What is QFT? Resurgent trans-series, Lefschetz thimbles, and new exact saddles

TL;DR

This review explores how resurgent trans-series and Picard-Lefschetz theory reveal the global structure of quantum theories, connecting perturbative and non-perturbative effects through complex saddles and thimbles.

Contribution

It introduces recent advances in applying resurgence and Lefschetz thimbles to quantum mechanics and field theory, highlighting the role of complex saddles and topological effects.

Findings

Resurgence links perturbative data with global topological structures.

Complex saddles are essential for consistency and understanding IR-renormalons.

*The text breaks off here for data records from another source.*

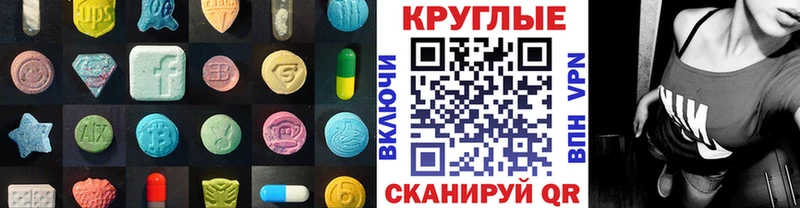Ecstasy DUBAI  blacksprut ONION  Жиздра 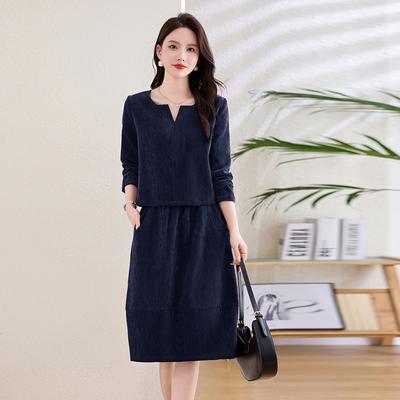 Jupe de tailleur mode pour femme, nouvelle conception printanière, sens du design, tempérament décontracté, rajeunissante, robe deux-pièces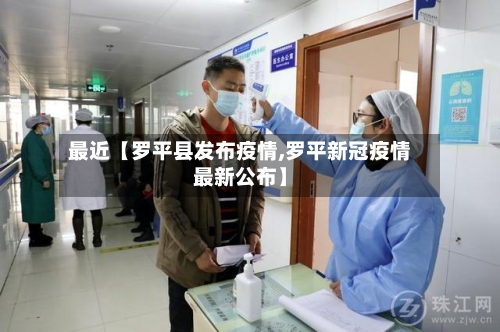 最近【罗平县发布疫情,罗平新冠疫情最新公布】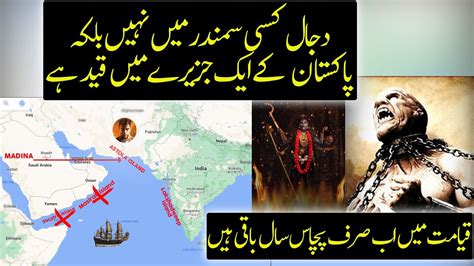 Island Of Dajjal Finally Found on Astola Island in Pakistan | Urdu / Hindi - Go IT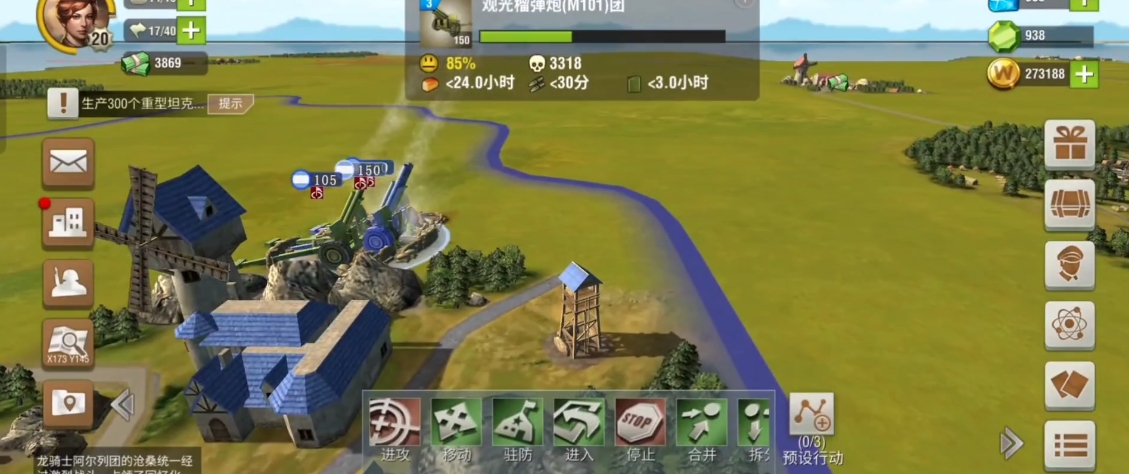 二战风云2炮兵阵地有什么用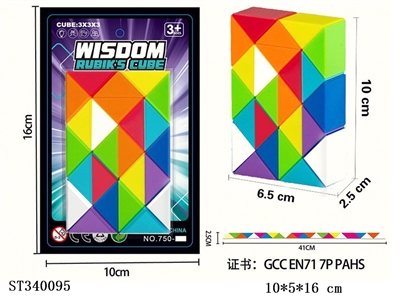 24 segment large magic ruler color - ST340095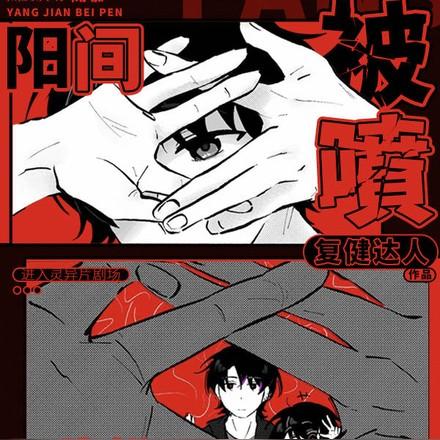 恐怖电影院厉鬼直呼我为邪祟番茄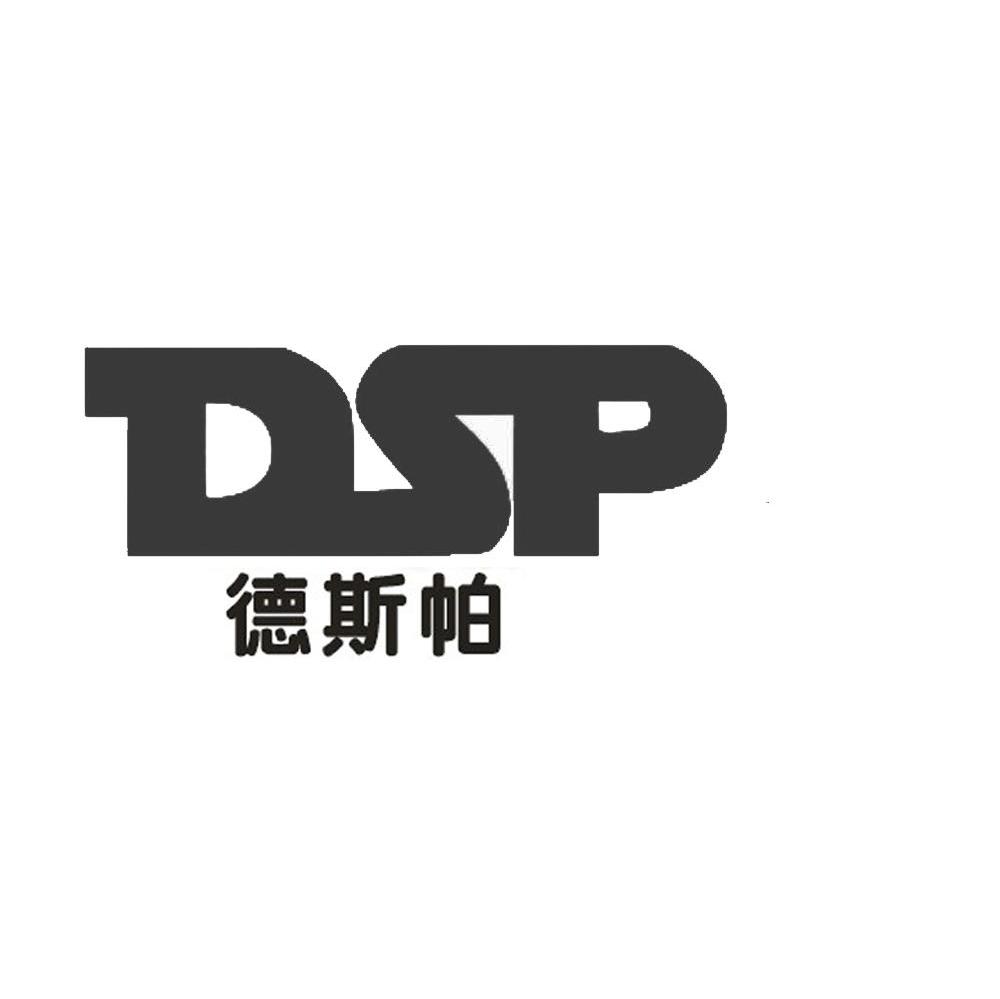 德斯帕 DSP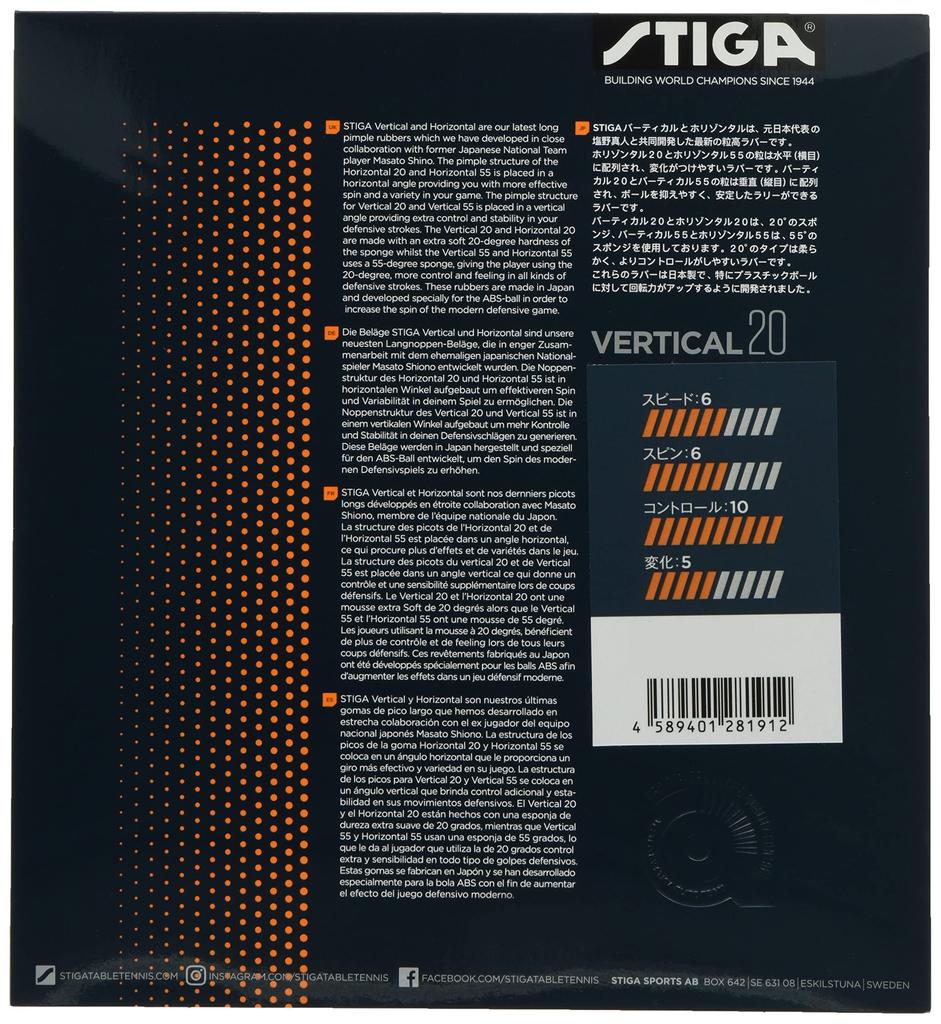 STIGA Long Pips Rubber Vertical 20 Black Ultra Thin 1710200106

Interference effects between saddles impact the sign problem.

Abstract

This is an introductory level review of recent applications of resurgent trans-series and Picard-Lefschetz theory to quantum mechanics and quantum field theory. Resurgence connects local perturbative data with global topological structure. In quantum mechanical systems, this program provides a constructive relation between different saddles. For example, in certain cases it has been shown that all information around the instanton saddle is encoded in perturbation theory around the perturbative saddle. In quantum field theory, such as sigma models compactified on a circle, neutral bions provide a semi-classical interpretation of the elusive IR-renormalon, and fractional kink instantons lead to the non-perturbatively induced gap, of order of the strong scale. In the path integral formulation of quantum mechanics, saddles must be found by solving the holomorphic Newton's equation in the inverted (holomorphized) potential. Some saddles are complex, multi-valued, and even singular, but of finite action, and their inclusion is strictly necessary to prevent inconsistencies. The multi-valued saddles enter either via resurgent cancellations, or their phase is tied with a hidden topological angle. We emphasize the importance of the destructive/constructive interference effects between equally dominant saddles in the Lefschetz thimble decomposition. This is especially important in the context of the sign problem.